Shinzo Abe slashes 7 decades of pacifism, switches Japan to war mode
Updated: 2015-07-16 15:48
TOKYO -- By fatally slashing Japan's seven decades of pacifism, like a Shogun's shoulder to waist "kesagiri" finishing move, in the very year marking the 70th anniversary of the end of World War II, Prime Minister Shinzo Abe on Thursday realized his dream of abandoning postwar order and switching his country back into war mode.
Despite majority of population's opposition, the country's ruling coalition led by the historical revisionist rammed through a series of controversial security bills in Japan's all-powerful lower house Thursday, marking a backward move meaning the historically bloodied "samurai sword of Japan" could once again be wielded by its troops in every corner of the world.
It is a tragedy for Japan as the first victims of Abe's blade are the country's democratic system and the principle of the rule of law, which have been established in the war-torn country since the end of WWII at a cost of millions of innocent souls.

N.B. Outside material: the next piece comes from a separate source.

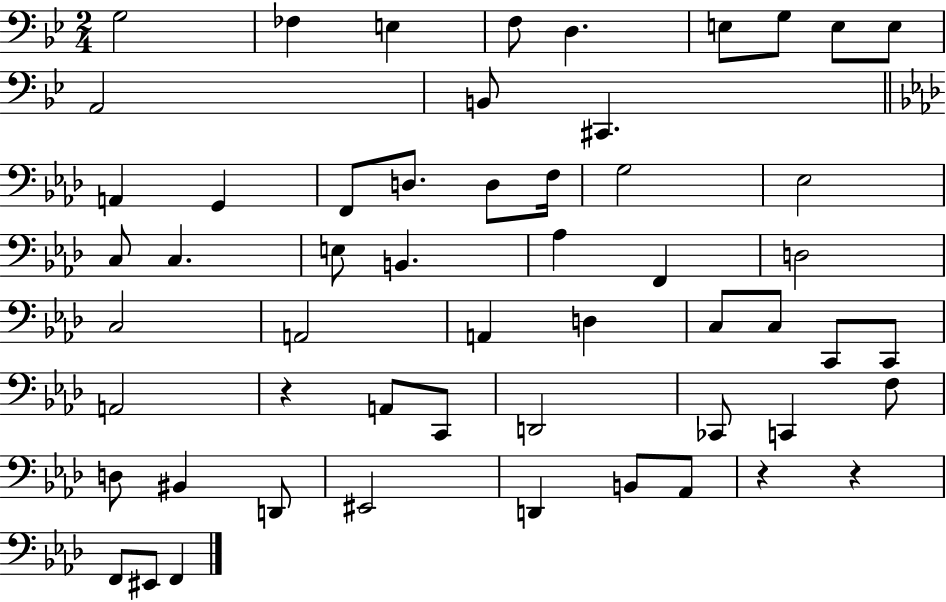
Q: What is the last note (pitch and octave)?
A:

It is also a tragedy for East Asia as its regional countries once ruthlessly trampled by Japan's wartime barbarities will once again witness the rise of Japan's militarism at a time when their wounds have not yet fully healed and bitter memories remain to haunt.

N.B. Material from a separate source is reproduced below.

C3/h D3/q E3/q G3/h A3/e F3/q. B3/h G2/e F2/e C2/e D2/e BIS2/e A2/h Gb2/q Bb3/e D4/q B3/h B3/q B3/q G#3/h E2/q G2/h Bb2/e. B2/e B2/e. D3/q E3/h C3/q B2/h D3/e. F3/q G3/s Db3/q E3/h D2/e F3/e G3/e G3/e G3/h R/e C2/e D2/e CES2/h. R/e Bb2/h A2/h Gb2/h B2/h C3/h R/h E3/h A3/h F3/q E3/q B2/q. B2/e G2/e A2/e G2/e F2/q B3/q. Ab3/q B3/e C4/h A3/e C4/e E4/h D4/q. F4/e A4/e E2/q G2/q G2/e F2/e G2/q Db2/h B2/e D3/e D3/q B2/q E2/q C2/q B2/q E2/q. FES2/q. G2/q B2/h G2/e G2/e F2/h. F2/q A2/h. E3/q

To have such anxieties and concerns is reasonable and rational for the region and the rest of the world. Abe renovated Japan's long-restricted arsenal, polished the nation's arms, and developed next-generation weapons hardware such as the Izumo aircraft carrier, unconstitutionally designated the country's Self-Defense Forces (SDF) as a normalized military and now, untied his samurai' s hands to allow them to once again use the weapons.

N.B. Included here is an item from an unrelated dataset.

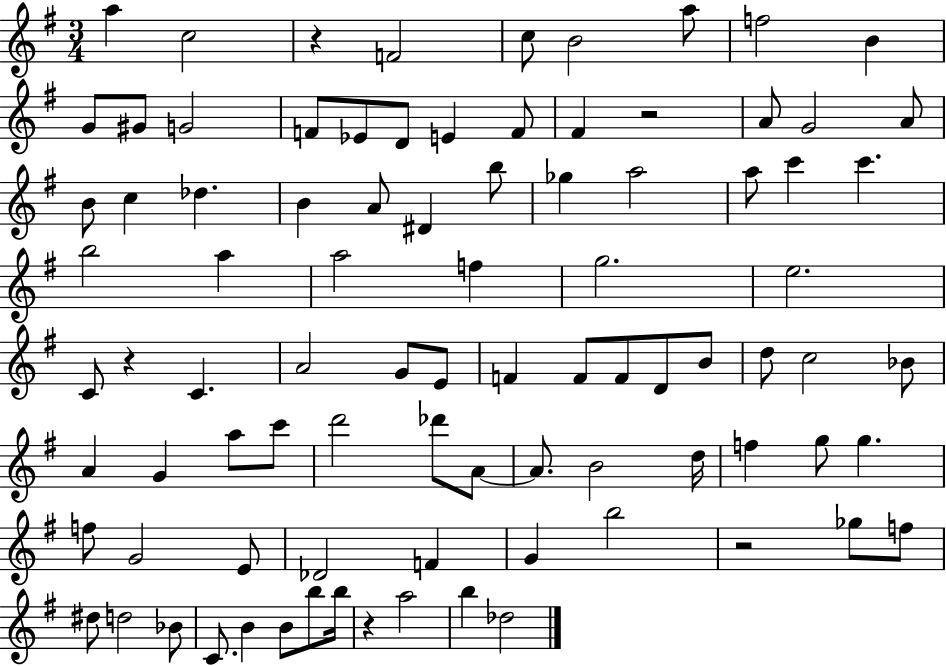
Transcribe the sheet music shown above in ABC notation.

And the most dangerous issue here is the prime minister's ultra- right ideology supported by the powerful and influential ultra nationalist group Nippon Kaigi, which denies and whitewashes Japan 's dark wartime history and such brainwashing and mind control will become the solo driving force of the fully armed samurai.
"Rule of law" is the prime minister's pet phrase when he gives speeches at home and abroad, but it is logical to question that if the "democratic" prime minister cannot respect the rule of law domestically, how does the flip-flopping leader hope to adhere to the principle at an international level?
The approval of the legislation granted the SDF the capacity to exercise the right to collective self-defense in all its efforts to lend a hand to the United States under their defense treaty for its planned "pivot to Asia" and will make Japan an armed puppet controlled by Uncle Sam, for now but not forever, to help defend his own interests in the East Asia.
But, the international community has leant in recent history that any US-led meddling, with its close allies, in Afghanistan, Iraq, Syria and Ukraine, for example, seldom came to a positive conclusion, but created greater turmoil. It is worrisome that Uncle Sam and his foe-turned-shogun friend would jeopardize peace and stability and make the regional situation more discomposed through their usual saber-rattling.
More than seven decades ago, Japan waged a war of aggression against its Asian neighbors under the banner of "self-defense," and now, the country, administered by Abe, leveraged the same credentials and so the world must unite in its vigilance in case the hawkish shogun's "proactive pacifism" suddenly shifts to a " proactive militarism."